I was inspired to add the solid butter directly to the mixture from this 1755 "buttered eggs" recipe from Townsends. It works just as well if not better than pre-melting the butter.
Ingredients
- 3-4 eggs.
- 1-2 tbsp butter (room temp is best).
- Salt and black pepper to taste.
- A dash of powdered turmeric (optional).
Crack the eggs into a small cold, saucepan. I use my smallest saucepan so the eggs have a little bit of depth for whisking. Don't scramble the eggs yet! Take your whisk and scoop about 1 tbsp of butter up into the tines. If you like more butter, you do you. I tend to use stick butter that's at room temperature. Solid cold butter won't stick in your wisk very well. Also, have a plate or bowl at the ready for your finished eggs.
There's some debate as to whether or not you should season your eggs before cooking or after. I like to add salt and pepper now, and I also like to add an extra ingredient: a little bit of turmeric. I love the bright yellow color that it gives the eggs, and it's also a healthy anti-inflammatory spice. It's also believed that black pepper aids in the absorption of turmeric. If you don't like turmeric, feel free to omit it.

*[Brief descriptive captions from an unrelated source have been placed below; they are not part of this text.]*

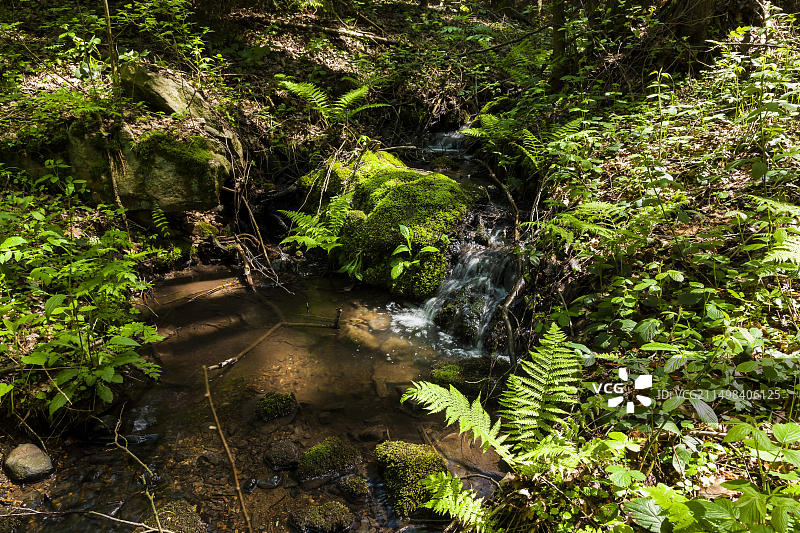 塔兰特森林，原名格里伦堡森林，是萨克森州中部的一处景观，位于塔兰特林业城镇的西南，威尔斯德鲁夫镇的南部图片素材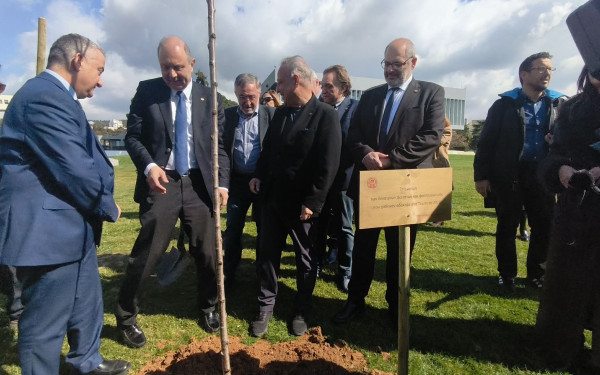 Θεσσαλονίκη: Φυτεύτηκαν 13 δέντρα στη μνήμη φοιτητών του ΑΠΘ που χάθηκαν στα Τέμπη - Παραδόθηκε πάρκο με 500 νέα δέντρα μπροστά από τη Βιβλιοθήκη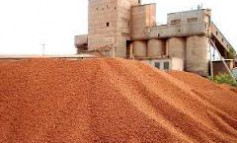 Керамзит и его основные разновидности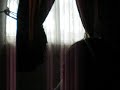 im so sick - flyleaf cover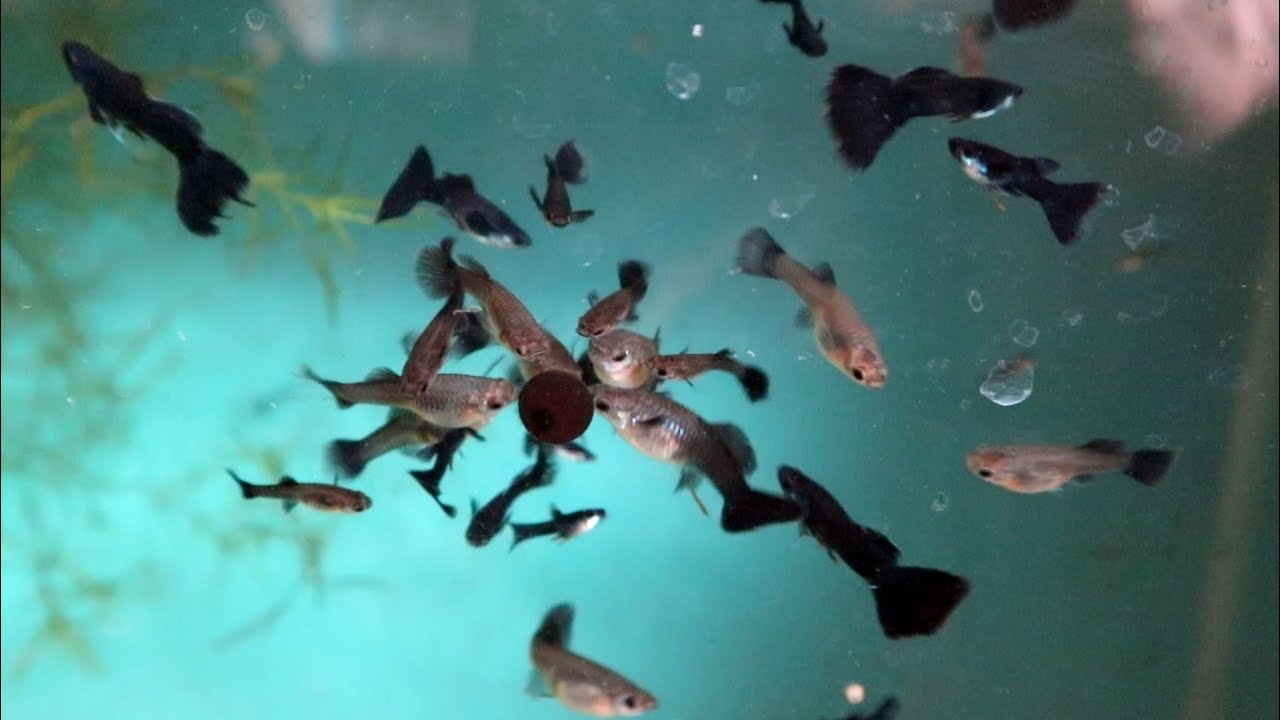 5 tips sa PAGBEBENTA ng GUPPY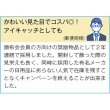 画像3: クマさんスポンジ１個 (3)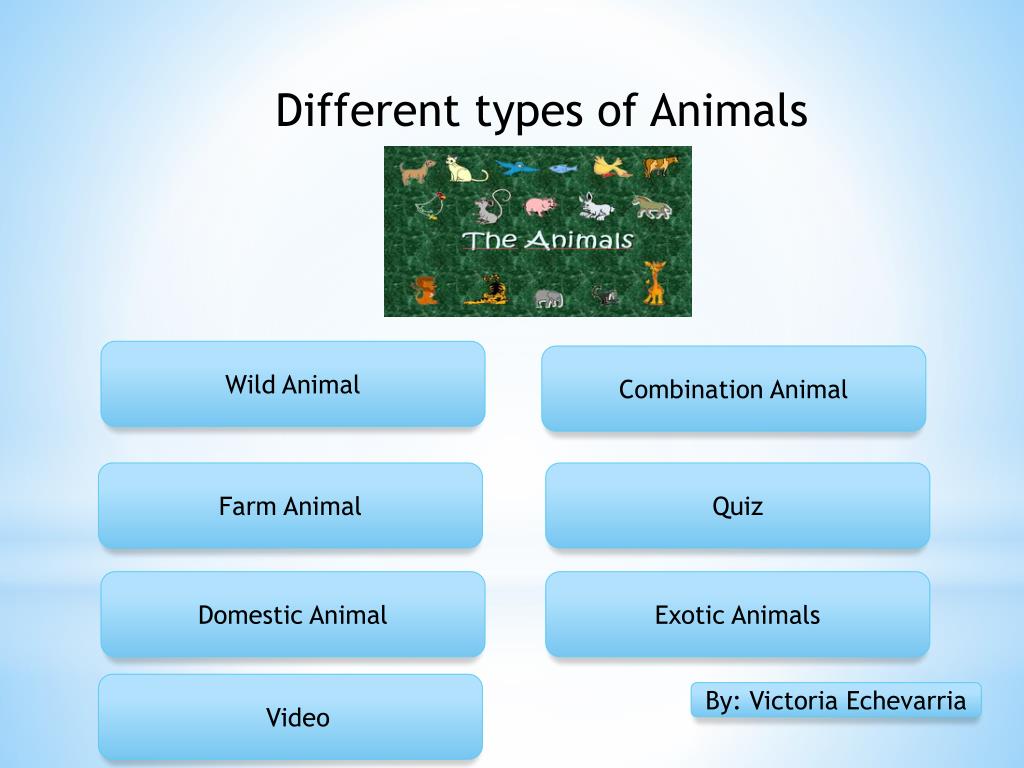 PPT - Different types of Animals PowerPoint Presentation, free download -  ID:2463422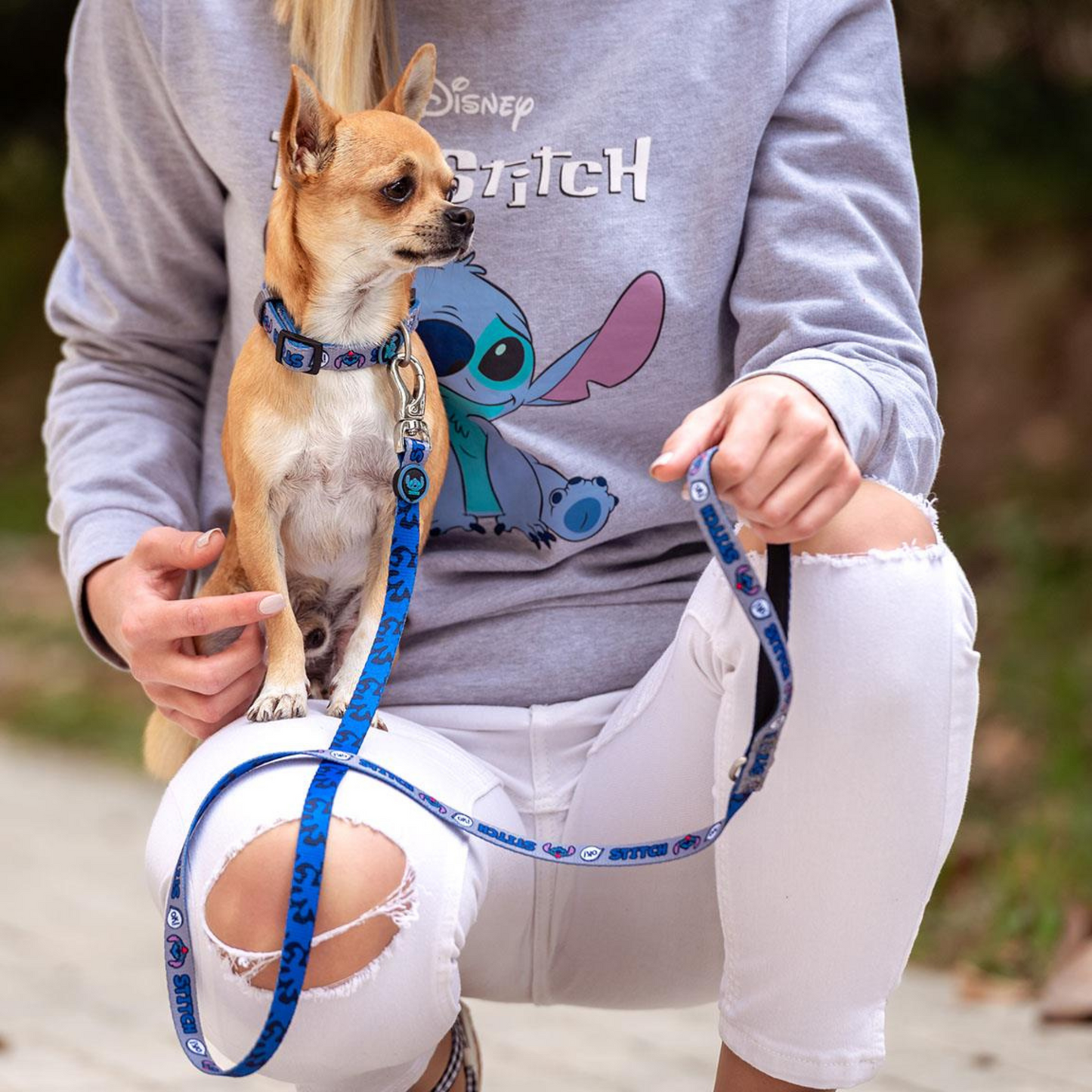 Stitch Dog Collar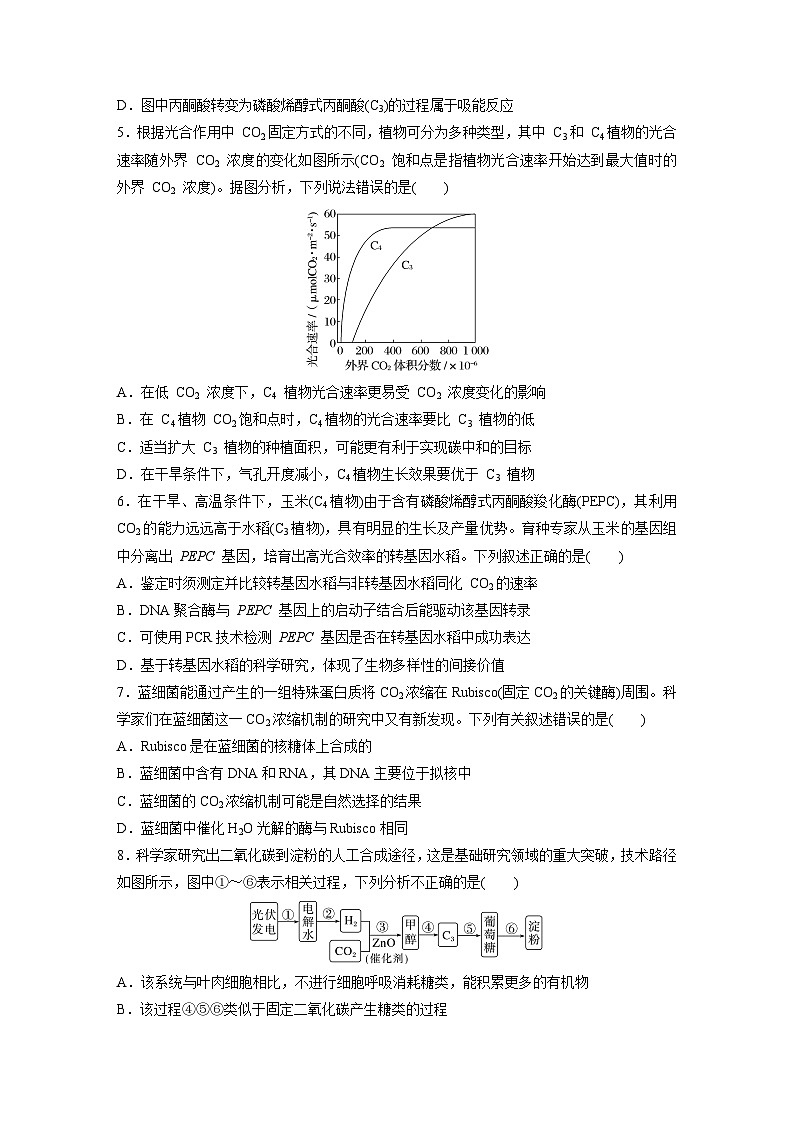 第三单元　专题突破2　不同生物固定二氧化碳的方式比较-2025年高考生物大一轮复习（课件+讲义+练习）03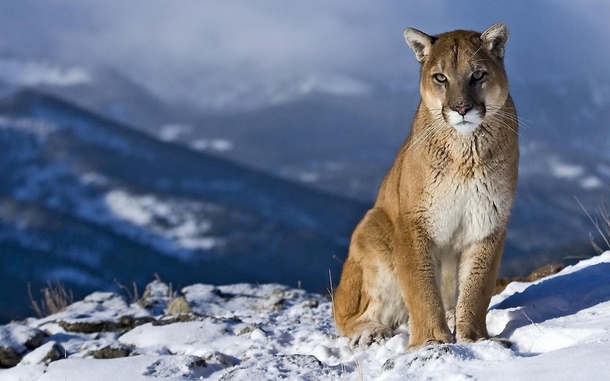 Puma cougar mountain lion Puma concolor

Turn the heat to medium-low and begin whisking together the eggs and butter. The eggs should get scrambled and the chunks of butter will start to incorporate into the mixture and melt. Continually whisk as your saucepan begins to heat up. You want the eggs to very evenly warm up. As soon as the mixture starts to feel thicker and you start to see some small egg curds forming, turn the heat down to low, and keep stirring. Stir in a circle, and also drag your whisk back and forth along the bottom of the pan. You want to make sure that no eggs are sticking to the bottom of the pan. The eggs will continue to get thicker and form small curds very quickly. Keep stirring. Once the eggs have gone from liquid to mostly creamy, take the pan off the heat, and keep stirring. They're going to keep cooking, and there's a very thin line between creamy eggs and overcooked hard eggs. Once the eggs get to the desired consistency, pour them directly into your bowl or plate to stop the cooking process.
One of the hardest parts of this recipe is getting toast and eggs together at the same time. If you make the toast before you start the eggs, the toast will be cold before the eggs are done. If you make the toast after, the eggs will begin to get cold. Because they're cooked at a lower temperature than American-style eggs, they don't get piping hot, so you need to eat them immediately. If you can mise en place your bread before you start cooking the eggs, then one-handed whisk while starting the toaster, you have a chance at hot toast and eggs!